A mathematical result, therefore, can establish that parsimony is relevant to estimating predictive accuracy.
Akaike’s theorem is a theorem, which means that it is derived from assumptions. There are three. The first is that old and new data sets are generated from the same underlying reality; this assumption is satisfied in our example if each population’s average height remains unchanged as the old and new data sets are drawn. The second assumption is that repeated estimates of each of the parameters in a model will form a bell-shaped distribution. The third assumption is that one of the competing models is true, or is close to the truth. That assumption is satisfied in the corn example, since either NULL or DIFF must be true.
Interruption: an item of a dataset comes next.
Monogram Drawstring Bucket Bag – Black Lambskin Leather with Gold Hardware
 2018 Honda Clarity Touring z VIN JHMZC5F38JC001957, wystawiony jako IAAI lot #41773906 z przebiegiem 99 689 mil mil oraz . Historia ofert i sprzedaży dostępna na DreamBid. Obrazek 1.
Gaudí and Mies remind us that there is no disputing matters of taste when it comes to assessing the value of simplicity and complexity in works of art. Einstein and Newton say that science is different – simplicity, in science, is not a matter of taste. Reichenbach and Akaike provided some reasons for why this is so. The upshot is that there are three parsimony paradigms that explain how the simplicity of a theory can be relevant to saying what the world is like:
Paradigm 1: sometimes simpler theories have higher probabilities.
Paradigm 2: sometimes simpler theories are better supported by the observations.
Paradigm 3: sometimes the simplicity of a model is relevant to estimating its predictive accuracy.
These three paradigms have something important in common. Whether a given problem fits into any of them depends on empirical assumptions about the problem. Those assumptions might be true of some problems, but false of others. Although parsimony is demonstrably relevant to forming judgments about what the world is like, there is in the end no unconditional and presuppositionless justification for Ockham’s Razor.